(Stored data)

○ ○ ○ ○

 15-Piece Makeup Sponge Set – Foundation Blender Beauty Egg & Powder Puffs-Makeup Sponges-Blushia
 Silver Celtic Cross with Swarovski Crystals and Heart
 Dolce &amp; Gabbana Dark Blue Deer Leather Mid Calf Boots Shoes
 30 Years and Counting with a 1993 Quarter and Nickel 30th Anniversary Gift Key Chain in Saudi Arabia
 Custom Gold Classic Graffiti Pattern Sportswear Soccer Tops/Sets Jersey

○ ○ ○ ○

§ **REQUIRED WORK**:
Would you write out all of the data exactly as given?

§ **ANSWER BOX**:
 15-Piece Makeup Sponge Set – Foundation Blender Beauty Egg & Powder Puffs-Makeup Sponges-Blushia
 Silver Celtic Cross with Swarovski Crystals and Heart
 Dolce &amp; Gabbana Dark Blue Deer Leather Mid Calf Boots Shoes
 30 Years and Counting with a 1993 Quarter and Nickel 30th Anniversary Gift Key Chain in Saudi Arabia
 Custom Gold Classic Graffiti Pattern Sportswear Soccer Tops/Sets Jersey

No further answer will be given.